_Goal of the exercise_:
Would you restate word for word the lines of the listing, beginning at the first and ending with the line that holds "Mid-Century Glass Globe"?

******

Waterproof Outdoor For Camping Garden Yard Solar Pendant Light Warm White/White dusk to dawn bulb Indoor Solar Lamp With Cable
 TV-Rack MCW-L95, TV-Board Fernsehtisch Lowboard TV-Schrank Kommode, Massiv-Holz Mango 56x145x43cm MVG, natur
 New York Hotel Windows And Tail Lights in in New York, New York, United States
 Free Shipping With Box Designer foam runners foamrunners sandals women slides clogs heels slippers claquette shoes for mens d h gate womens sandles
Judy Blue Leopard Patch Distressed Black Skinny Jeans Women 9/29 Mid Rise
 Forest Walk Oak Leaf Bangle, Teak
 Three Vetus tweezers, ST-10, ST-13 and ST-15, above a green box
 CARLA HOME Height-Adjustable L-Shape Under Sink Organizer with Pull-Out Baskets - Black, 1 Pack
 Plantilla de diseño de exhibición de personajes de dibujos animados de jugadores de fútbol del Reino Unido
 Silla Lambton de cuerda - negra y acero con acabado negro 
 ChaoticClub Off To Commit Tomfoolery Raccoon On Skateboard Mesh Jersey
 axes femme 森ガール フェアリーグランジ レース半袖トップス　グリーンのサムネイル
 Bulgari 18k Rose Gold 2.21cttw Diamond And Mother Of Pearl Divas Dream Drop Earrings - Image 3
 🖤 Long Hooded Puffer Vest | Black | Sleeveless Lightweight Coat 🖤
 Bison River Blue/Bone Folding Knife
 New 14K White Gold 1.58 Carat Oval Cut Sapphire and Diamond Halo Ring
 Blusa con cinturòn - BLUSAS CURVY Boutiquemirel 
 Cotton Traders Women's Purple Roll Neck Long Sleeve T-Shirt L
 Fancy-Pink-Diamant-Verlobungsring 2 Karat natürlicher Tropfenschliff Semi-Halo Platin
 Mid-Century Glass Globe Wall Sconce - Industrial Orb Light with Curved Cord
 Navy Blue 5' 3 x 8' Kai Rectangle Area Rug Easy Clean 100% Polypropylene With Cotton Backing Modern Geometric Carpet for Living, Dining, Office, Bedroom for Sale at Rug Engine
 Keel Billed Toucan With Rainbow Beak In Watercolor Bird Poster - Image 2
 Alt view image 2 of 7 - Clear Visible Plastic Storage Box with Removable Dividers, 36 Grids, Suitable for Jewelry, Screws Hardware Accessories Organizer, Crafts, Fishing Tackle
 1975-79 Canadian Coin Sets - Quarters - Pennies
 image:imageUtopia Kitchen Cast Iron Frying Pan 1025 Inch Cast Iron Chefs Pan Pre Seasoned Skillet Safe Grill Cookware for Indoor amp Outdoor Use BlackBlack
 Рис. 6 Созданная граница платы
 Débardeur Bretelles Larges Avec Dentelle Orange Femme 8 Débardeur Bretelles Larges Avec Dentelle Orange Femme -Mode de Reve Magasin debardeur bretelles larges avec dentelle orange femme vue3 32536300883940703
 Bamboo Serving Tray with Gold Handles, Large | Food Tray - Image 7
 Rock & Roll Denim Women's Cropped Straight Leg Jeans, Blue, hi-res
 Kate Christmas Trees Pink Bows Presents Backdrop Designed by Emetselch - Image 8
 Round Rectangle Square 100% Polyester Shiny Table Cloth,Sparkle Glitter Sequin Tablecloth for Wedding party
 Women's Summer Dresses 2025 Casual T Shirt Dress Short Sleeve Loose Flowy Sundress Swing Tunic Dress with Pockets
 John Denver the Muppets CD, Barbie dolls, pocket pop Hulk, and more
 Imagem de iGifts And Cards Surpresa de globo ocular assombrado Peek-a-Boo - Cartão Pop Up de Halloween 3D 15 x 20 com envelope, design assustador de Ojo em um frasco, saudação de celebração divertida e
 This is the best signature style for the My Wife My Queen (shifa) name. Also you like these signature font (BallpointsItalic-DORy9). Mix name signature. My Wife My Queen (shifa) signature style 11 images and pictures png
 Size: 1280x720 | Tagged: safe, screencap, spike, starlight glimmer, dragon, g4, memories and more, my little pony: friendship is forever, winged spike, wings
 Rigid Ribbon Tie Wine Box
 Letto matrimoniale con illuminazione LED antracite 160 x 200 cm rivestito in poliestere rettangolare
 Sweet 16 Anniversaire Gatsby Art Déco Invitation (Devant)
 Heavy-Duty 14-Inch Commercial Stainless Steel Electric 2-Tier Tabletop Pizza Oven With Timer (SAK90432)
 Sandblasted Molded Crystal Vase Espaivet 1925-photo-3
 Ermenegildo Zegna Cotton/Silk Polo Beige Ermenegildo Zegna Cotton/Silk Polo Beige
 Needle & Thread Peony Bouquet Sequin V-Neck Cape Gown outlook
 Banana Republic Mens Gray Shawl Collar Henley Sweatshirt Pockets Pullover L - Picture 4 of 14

******

_Completed exercise_:
Waterproof Outdoor For Camping Garden Yard Solar Pendant Light Warm White/White dusk to dawn bulb Indoor Solar Lamp With Cable
 TV-Rack MCW-L95, TV-Board Fernsehtisch Lowboard TV-Schrank Kommode, Massiv-Holz Mango 56x145x43cm MVG, natur
 New York Hotel Windows And Tail Lights in in New York, New York, United States
 Free Shipping With Box Designer foam runners foamrunners sandals women slides clogs heels slippers claquette shoes for mens d h gate womens sandles
Judy Blue Leopard Patch Distressed Black Skinny Jeans Women 9/29 Mid Rise
 Forest Walk Oak Leaf Bangle, Teak
 Three Vetus tweezers, ST-10, ST-13 and ST-15, above a green box
 CARLA HOME Height-Adjustable L-Shape Under Sink Organizer with Pull-Out Baskets - Black, 1 Pack
 Plantilla de diseño de exhibición de personajes de dibujos animados de jugadores de fútbol del Reino Unido
 Silla Lambton de cuerda - negra y acero con acabado negro 
 ChaoticClub Off To Commit Tomfoolery Raccoon On Skateboard Mesh Jersey
 axes femme 森ガール フェアリーグランジ レース半袖トップス　グリーンのサムネイル
 Bulgari 18k Rose Gold 2.21cttw Diamond And Mother Of Pearl Divas Dream Drop Earrings - Image 3
 🖤 Long Hooded Puffer Vest | Black | Sleeveless Lightweight Coat 🖤
 Bison River Blue/Bone Folding Knife
 New 14K White Gold 1.58 Carat Oval Cut Sapphire and Diamond Halo Ring
 Blusa con cinturòn - BLUSAS CURVY Boutiquemirel 
 Cotton Traders Women's Purple Roll Neck Long Sleeve T-Shirt L
 Fancy-Pink-Diamant-Verlobungsring 2 Karat natürlicher Tropfenschliff Semi-Halo Platin
 Mid-Century Glass Globe Wall Sconce - Industrial Orb Light with Curved Cord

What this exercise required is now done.